Exercise prompt:
The response consists of the lines from the start of the material below through the line holding "Abstract shiny gold", repeated word for word and without pictures.

Information provided:
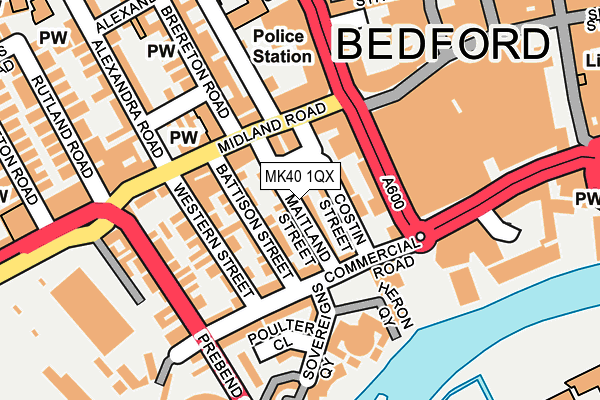 MK40 1QX map - OS OpenMap – Local (Ordnance Survey) MK40 1QX map - OS OpenMap – Local (Ordnance Survey)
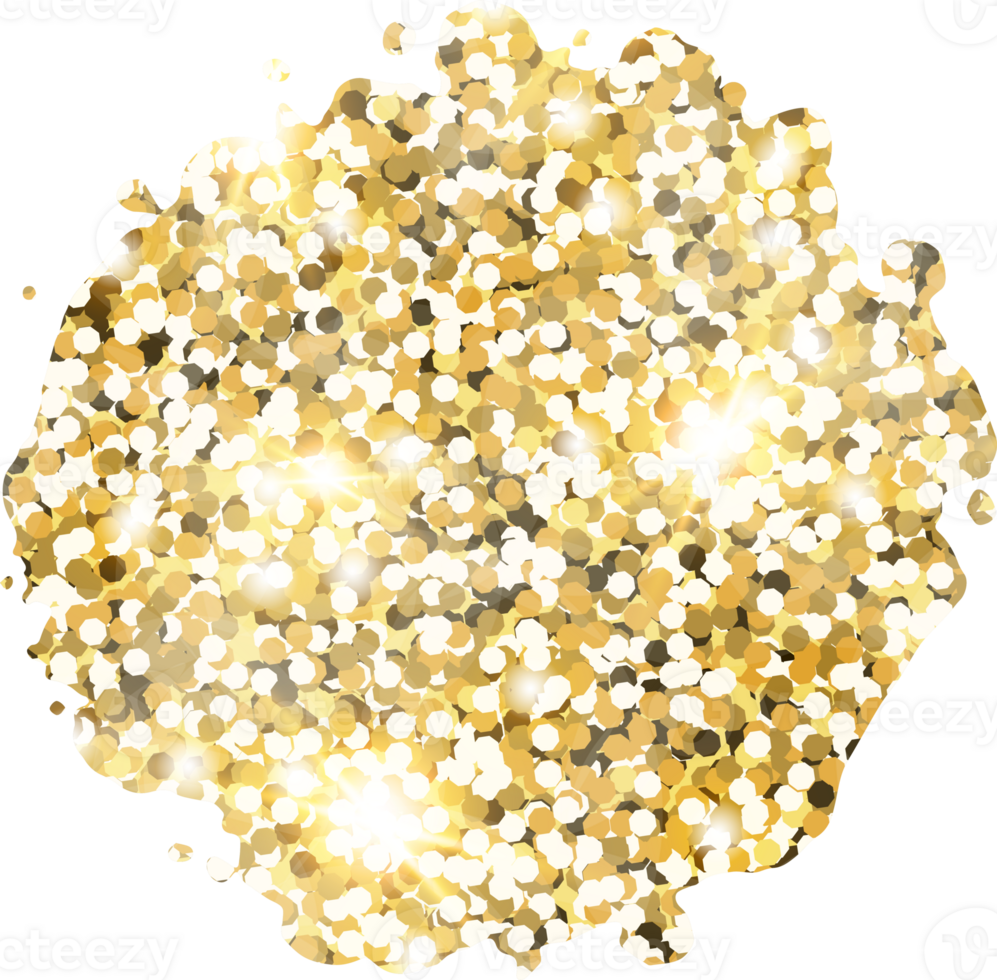 Abstract shiny gold glitter stain design element. Golden color dust texture spot for holiday decoration, flyer, poster, greeting card, background, wallpaper. Shiny paint stroke fashion illustration. png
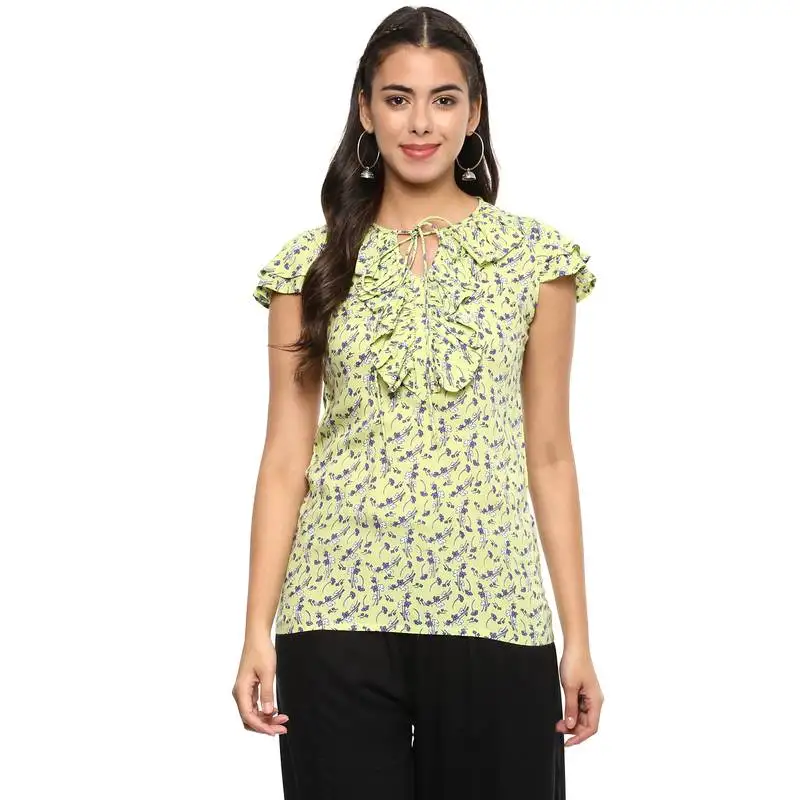 Women's green rayon printed top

Answer section:
 MK40 1QX map - OS OpenMap – Local (Ordnance Survey) MK40 1QX map - OS OpenMap – Local (Ordnance Survey)
 Abstract shiny gold glitter stain design element. Golden color dust texture spot for holiday decoration, flyer, poster, greeting card, background, wallpaper. Shiny paint stroke fashion illustration. png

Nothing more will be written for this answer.